SCAPA tries new approach to support mental health
Grades 4 through 8 can be a difficult stretch for children as they go through physical changes and start to exercise more independence. During these transition years, mental health is important for keeping youngsters on track, so SCAPA at Bluegrass recently piloted a national program called health. moves. minds. to support its students.
The program, created by SHAPE America (Society of Health and Physical Educators), featured such concepts as kindness, mindfulness, and empowerment. “Kindness is more than a word,” said seventh grader Ella Sewell, who advocates building people up. Classmate Lily Webber agreed on the impact of kind actions, adding, “If you just smile, it can make a big difference in somebody’s life.”
Health and P.E. teacher Angela Stark led the schoolwide curriculum, which included talk about positive influences and smart choices. “These are life lessons that we all need,” she noted. “It focuses on managing emotions and strategies like better breathing, and it’s such an important thing that should be taught – especially with the levels of anxiety and depression our kids struggle with.”
To cap the month, SCAPA hosted a themed Spirit Week.
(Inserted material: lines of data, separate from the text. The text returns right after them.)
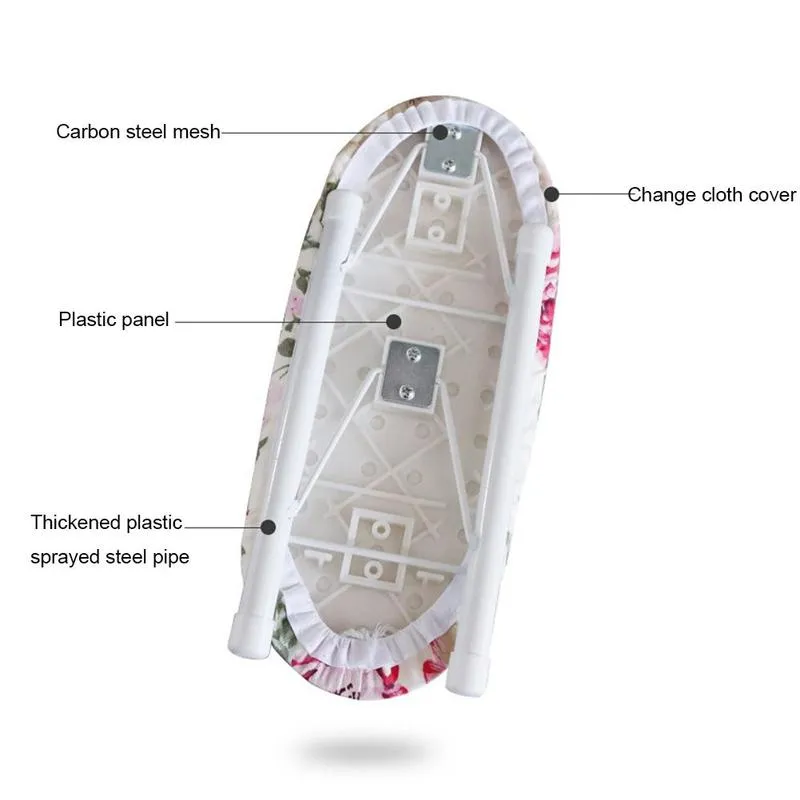 MiniPress Foldable Ironing Board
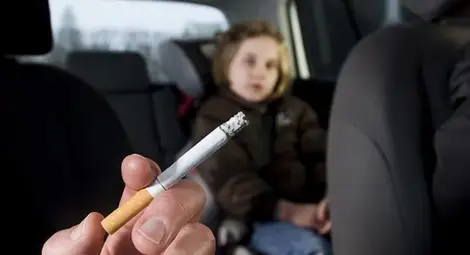 Всяко пето дете е изложено на пасивно пушене в дома си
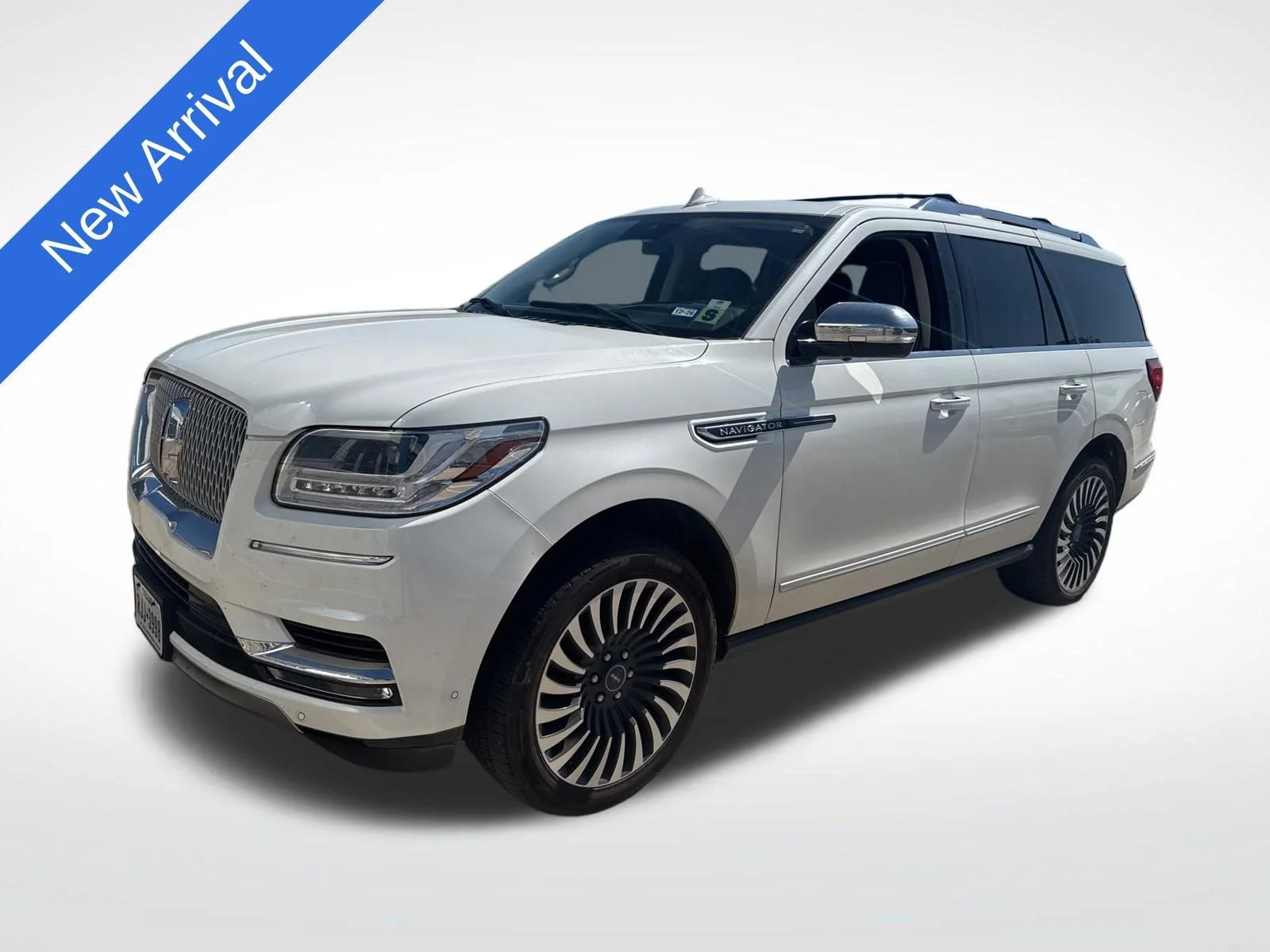 2021 Lincoln Navigator Black Label 4WD's photo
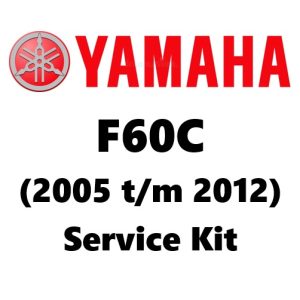 Yamaha servicekit F60C (2005 t/m 2012)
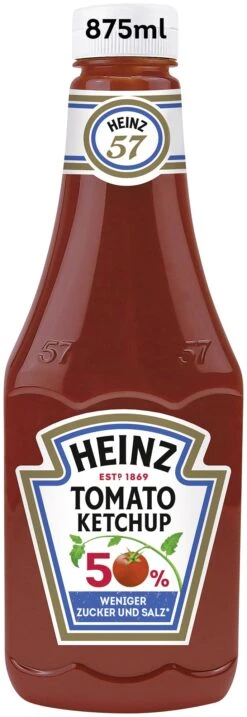 Hela Curry Gewürz Ketchup Delikat (10 Kg) -Küchenwelt Verkauf cac3d4ee e3e4 46ed bd57 6d4c5d6fefd5 1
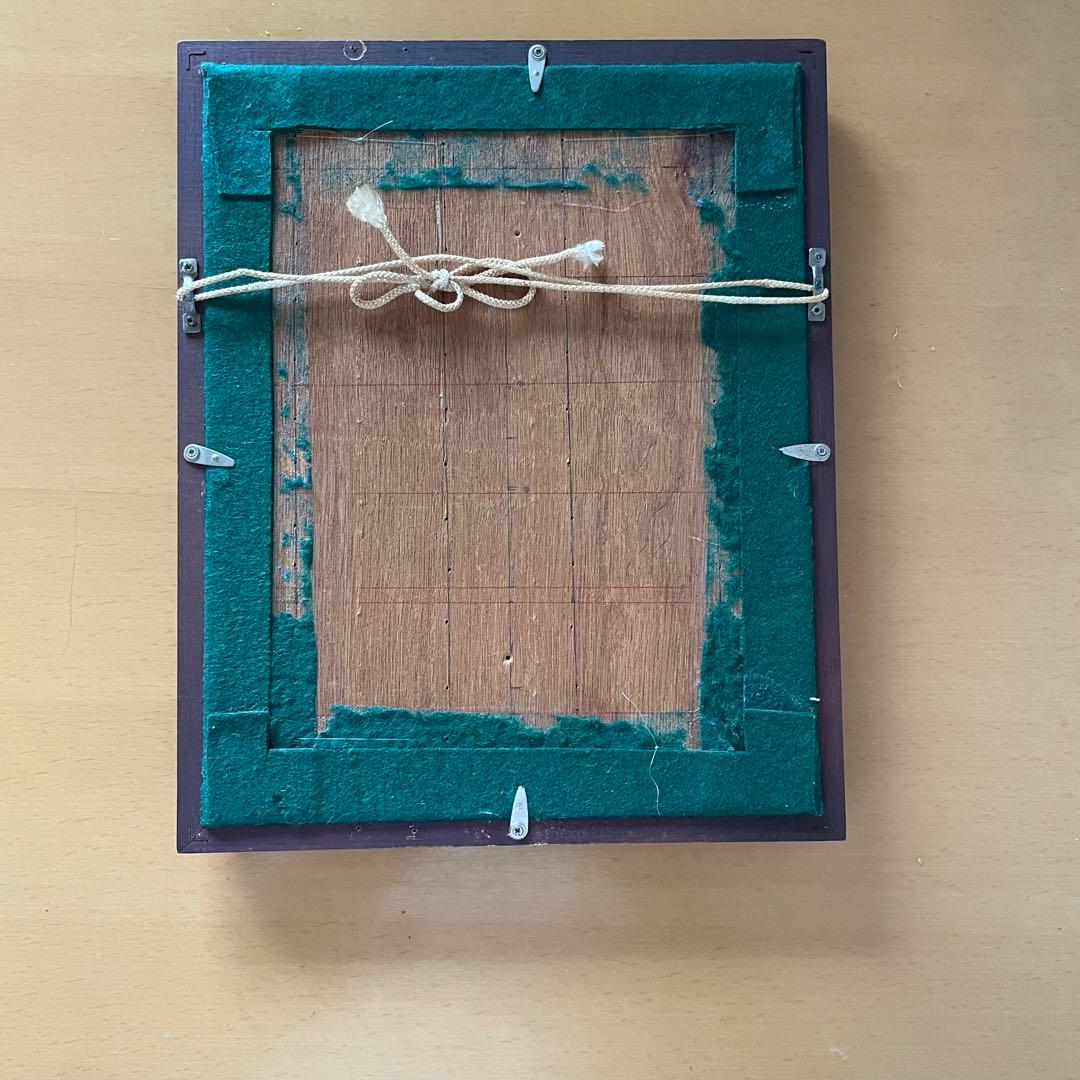 Coca-Cola ナイフコレクション(額装)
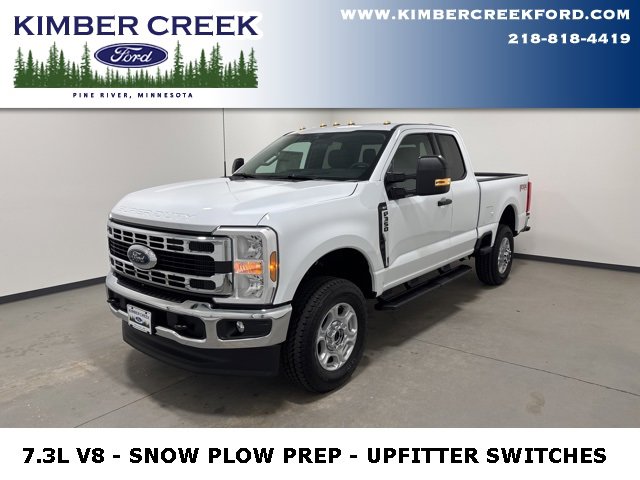 New 2026 Ford F350 XLT w/ FX4 Off-Road Package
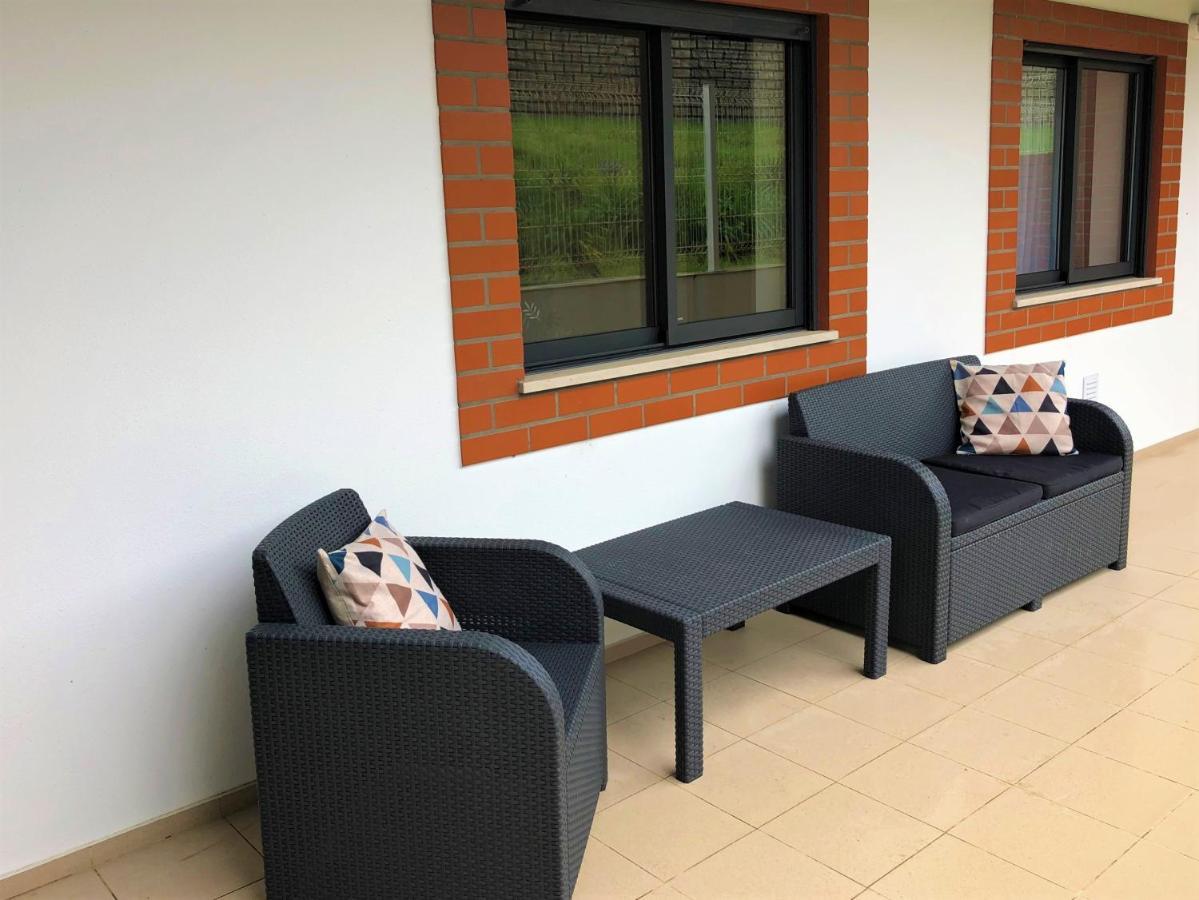 Apartamento Mar Com Parking นาซาเร ภายนอก รูปภาพ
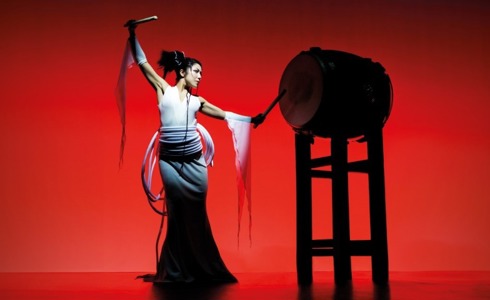 Japanese drumming ensemble Drum TAO presents the UK premiere of The Dream next spring at The Peacock Theatre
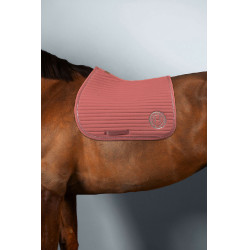 Tapis de selle Rider Harcour Karembar Rose Tapis de selle Rider Harcour Karembar Rose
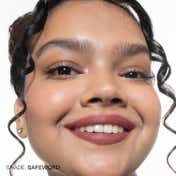 FAE BEAUTY Lip Whip 12H Matte Liquid Lipstick, Vegan, Enriched with Vitamin E and Cherry Coffee - Safeword (10g)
On Day 1, everyone wore a nametag to greet people personally. “You feel more valued because somebody knows your name,” Stark explained. The second day featured a scavenger hunt at lunchtime to ensure nobody ate alone. On Day 3, students wore shirts highlighting their favorite hobby, TV show, or sport so they could group themselves by interest. The fourth day encouraged random acts of kindness, which led to a wall of Post-It examples. For Day 5, students and staff wore green and “Be Kind” T-shirts to promote mental health awareness. The finale also included the annual Jog for the Arts, which this year raised money for wellness activities. Rotating by class, the students aimed to complete 26 laps around the interior of the building, which totaled about 2¼ miles in just over a half-hour.
Throughout October, Stark could already see the benefits of health. moves. minds. around SCAPA. “Kids notice they’re feeling better and are better able to handle situations when they arise,” she said. Students also endorsed the program. As 12-year-old Kyndra Coomer said, “It helps you get along and meet new people and find out new things about yourself.”